Review of Patient #2's medical record revealed the patient was admitted on 09/24/2021 with an admission diagnosis of Alzheimer's Dementia. Further review revealed the patient was confused and unable to make decisions. Additional review revealed the patient's daughter was listed as her power of attorney.
Review of S3SW's notes revealed the following entry: 09/29/2021 11:30 a.m. SW telephone to nurse at Facility "A". Nurse expressed the family's concerns regarding this Beacon Psychiatric Hospital. When the patient arrived, the family requested to be consulted before any medication changes and that did not happen. The family would like to come to get the patient as soon as possible. Please contact the patient's daughter (name and phone number documented).
In an interview on 11/08/2021 at 2:30 p.m. with S3SW, she indicated she remembered Patient #2. She confirmed she had never spoken directly to the family and communicated through the nurse at Facility "A". She further confirmed she had not spoken directly to Patient #2's family regarding their desire to be notified of changes made in Patient #2's medications and their wishes to have the patient discharged as soon as possible.
In an interview on 11/09/2021 at 11:33 a.m. with S4Psych, he confirmed he remembered Patient #2. S4Psych reported he communicates about patients with staff first and tries not to venture out into speaking with family because he must verify if there an issue with release of information. S4Psych further confirmed patient's family members were not routinely included in treatment team meetings.

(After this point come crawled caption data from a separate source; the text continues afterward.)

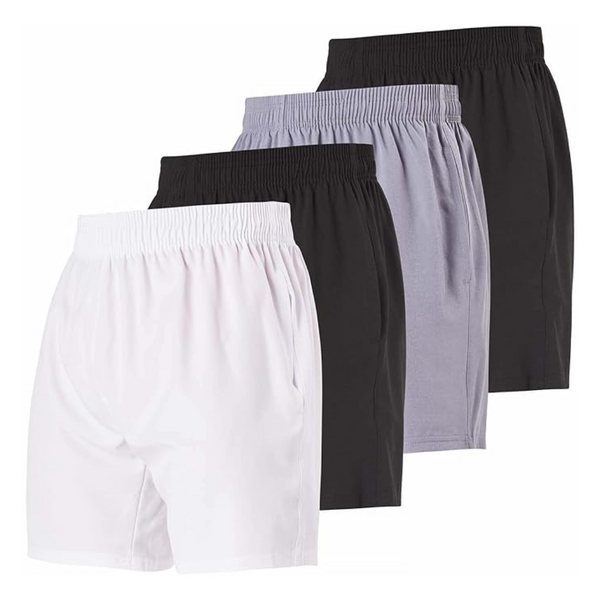 4-Pack Ultra Performance Men's Athletic Workout Gym Shorts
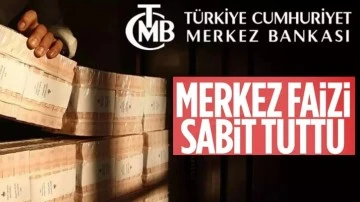 Merkez Bankası faizi yüzde 50'de sabit bıraktı!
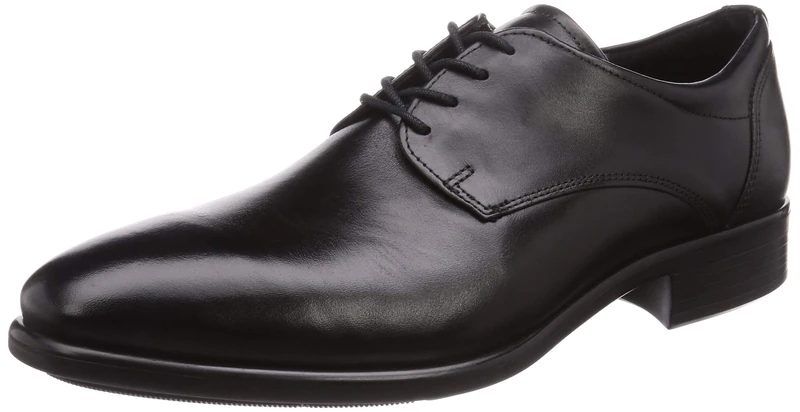 ECCO Men's Citytray Plain Toe Tie Oxford, Schwarz, 9/9.5 UK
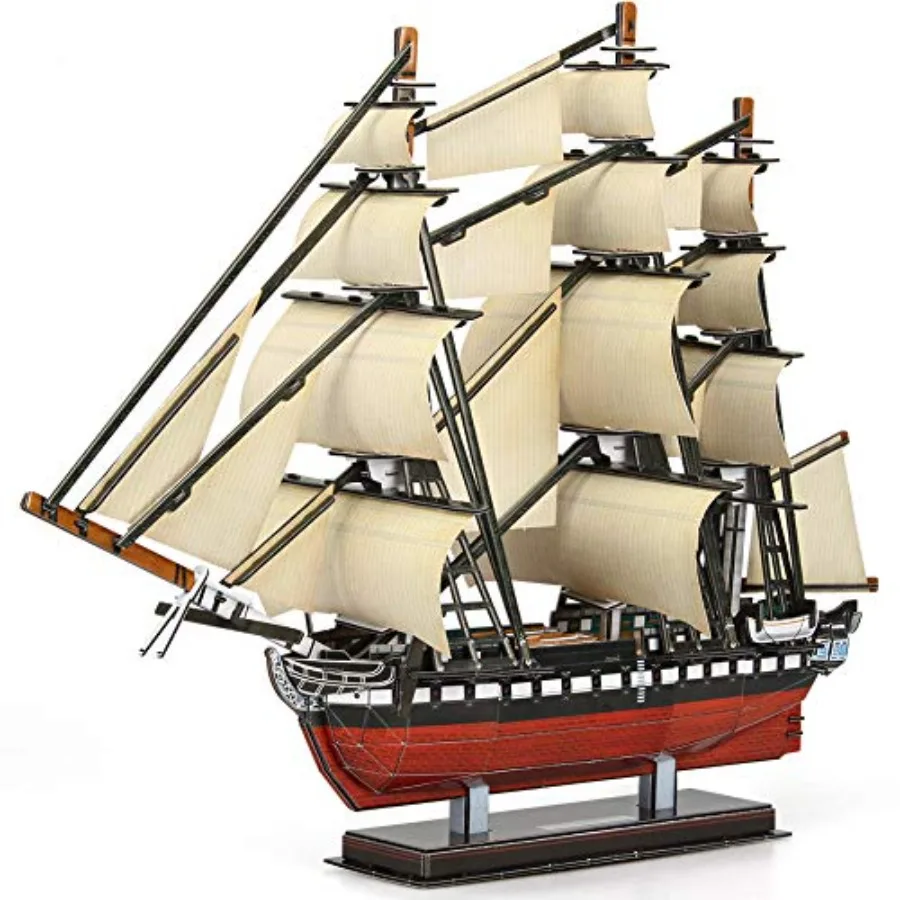 3D Ship Puzzles for Sailing Boat Models for Adults and Teens Toys, 193 Pieces
3D Ship Puzzles for Sailing Boat Models for Adults and Teens Toys, 193 Pieces
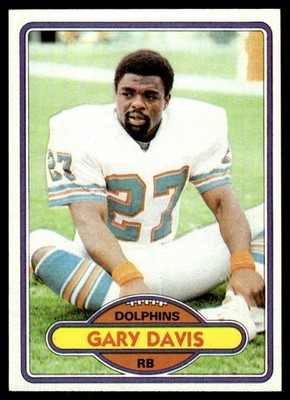 1980 Topps Gary Davis Rookie Miami Dolphins #262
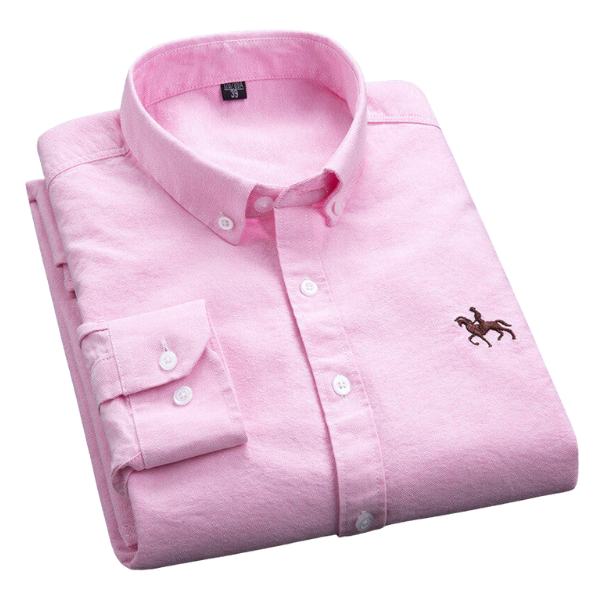 Variant image for Camille | Homme Chemise à Manches Longues Ajustée en Tissu de Qualité-10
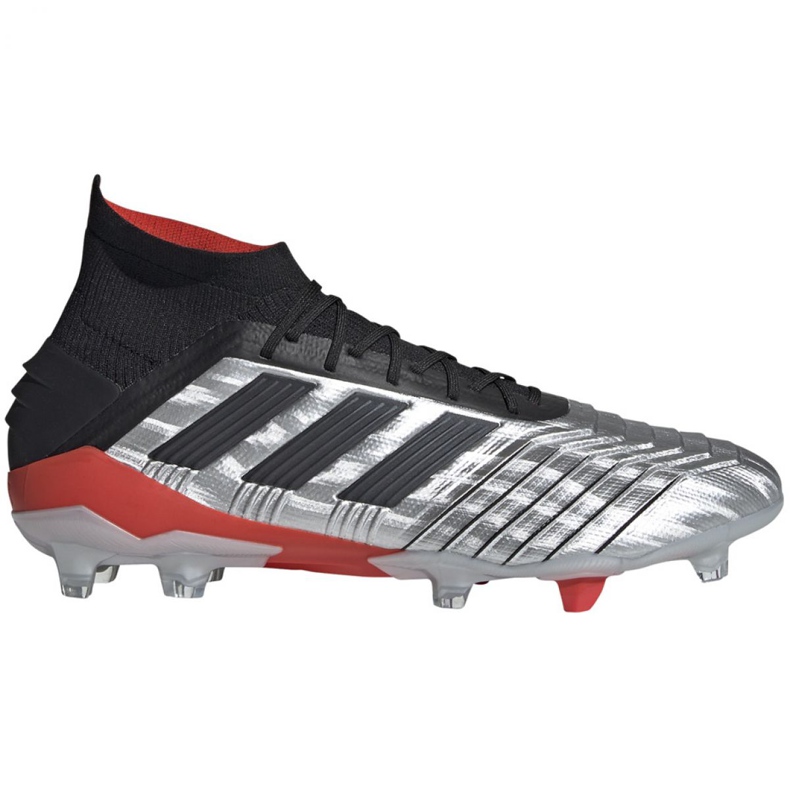 Adidas Predator 19.1 Fg M F35607 futballcipő szürke ezüst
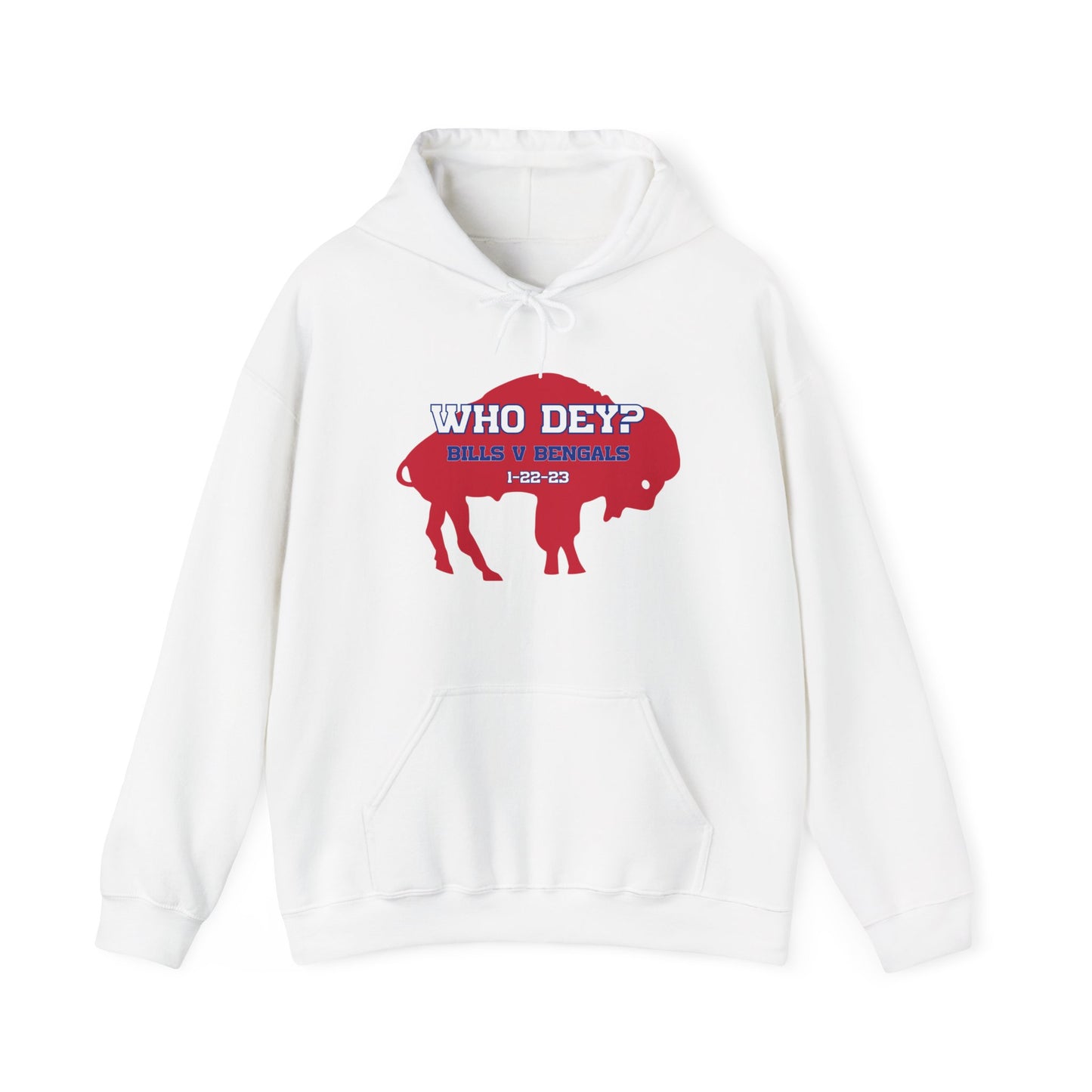 Who Dey? 1-22-23 Bills v. Bengals Buffalo Bills Football Bills Mafia Hooded Sweatshirt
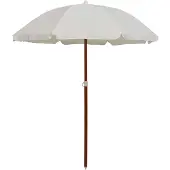 vidaXL Parasoll med stålstång 180 cm sand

In an interview on 11/09/2021 at 2:30 p.m. with S2DON, she confirmed staff had not followed up with the family's request, taken by S3SW, to be called to discuss the patient's medication regimen and their desire to have the patient discharged as soon as possible. S2DON further confirmed patient's families were not routinely offered an opportunity to be included in the patient's treatment team meetings.
Tag No.: A0395
Based on observation, record review, and interview, the hospital failed to ensure the registered nurse supervised and evaluated the care of each patient. This deficient practice was evidenced by:
1. failure to ensure skin assessments were accurate and updated post incident with injury skin tear for 2 (#2, #4) of 5 (#1-#5) sampled patients.;
2. failure to ensure a patient incident report was completed, as per hospital policy, for an incident between staff and a patient resulting in skin tears (#2) and for an incident involving a patient (#2) biting a staff member for 1 (#2) of 3 (#2, #5, #R1) sampled patients reviewed for incidents from a total patient sample of 5 (#1-#5).; and
3. failure to notify a patient's family of an incident resulting in the patient having post blood exposure lab work drawn after the patient bit a staff member, breaking the skin, for 1 (#2) of 2 (#2, #5) sampled patients reviewed for incident reports resulting in injury from a total patient sample of 5 (#1-#5) .
Findings:
1.Failure to ensure skin assessments were accurate and updated post incident with injury.
Patient #4
On 11/08/2021 at 11:00 a.m. an observation was made of Patient #4's skin. A large purplish-red oval shaped bruise was noted on the inside of the patient's forearm. Another quarter sized purplish-red bruise was noted on the bony prominence of the patients elbow. Patient #4 reported the large bruise on her forearm happened in the hospital prior to her admission and the smaller bruise had occurred from hitting her elbow on the wheelchair while in this hospital. Patient #4 also had a large number of various sized moles on her chest and back.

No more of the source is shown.